• [Work task] The answer must consist solely of the lines from the one containing "For Toyota Yaris" through the last line of the records below, repeated exactly, with all pictures omitted.

• [Source data]

▶

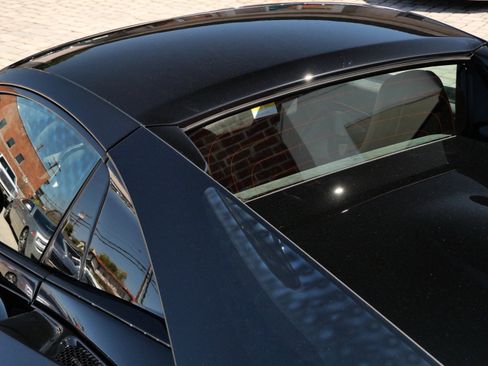 Used 2024 McLaren 750S Spider image 25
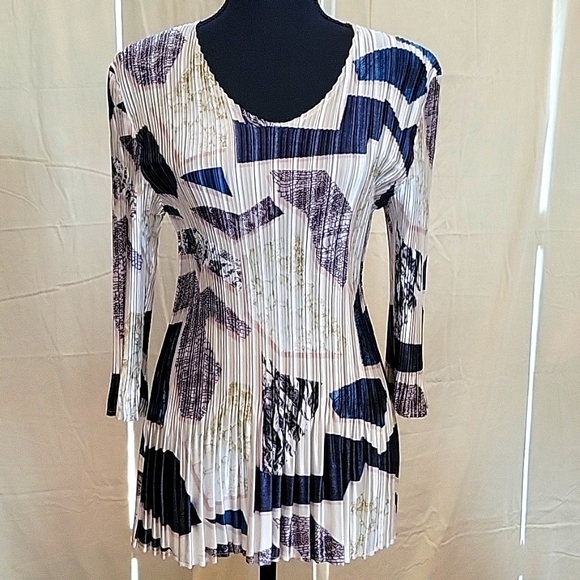 Magic Mini pleat 3/4 sleve v-neck - Picture 3 of 7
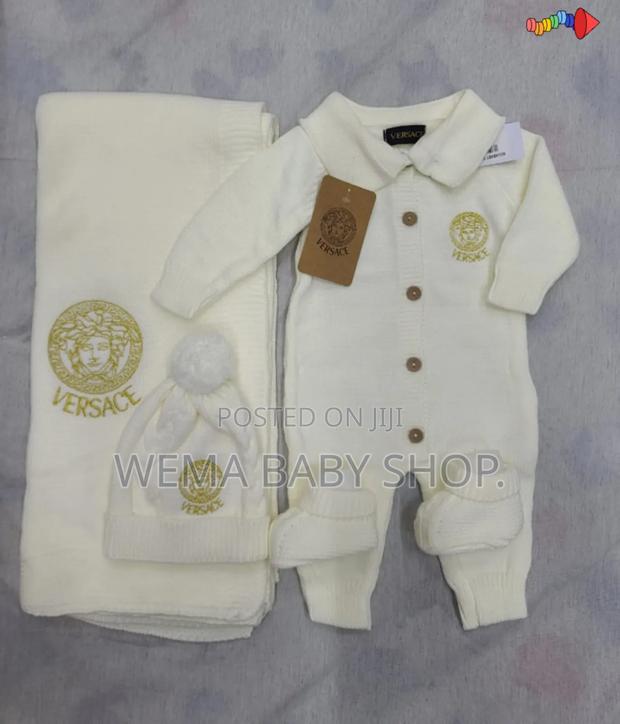 4pcs Newborn Set - thumbnail 4
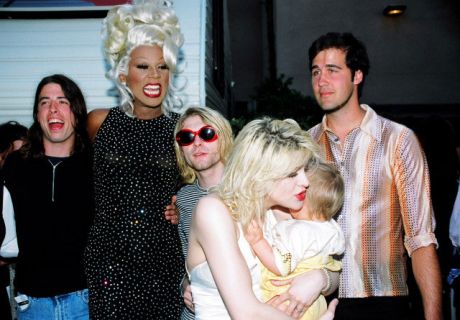 Kurt Cobain, Dave Grohl αγκαλιά με την (τον) RuPaul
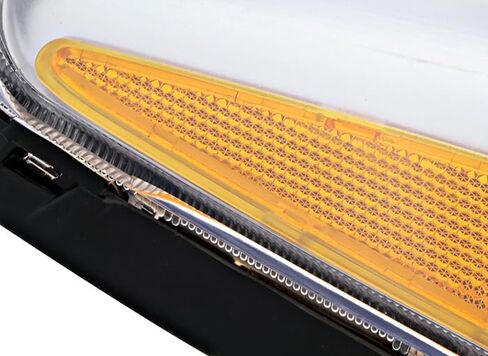 For Toyota Yaris Hatchback Headlights Lamps Set 2009 2010 2011 Halogen Driver and Passenger Side in Kuwait
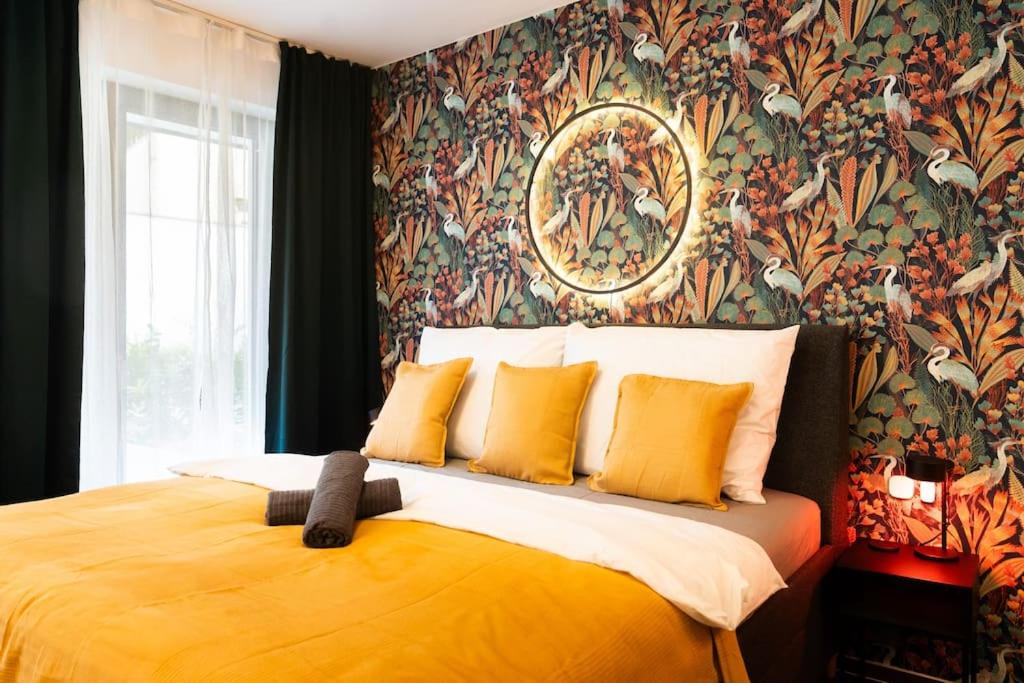 Gold Garden Terrace Apartment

◀

• [Output]
 For Toyota Yaris Hatchback Headlights Lamps Set 2009 2010 2011 Halogen Driver and Passenger Side in Kuwait
 Gold Garden Terrace Apartment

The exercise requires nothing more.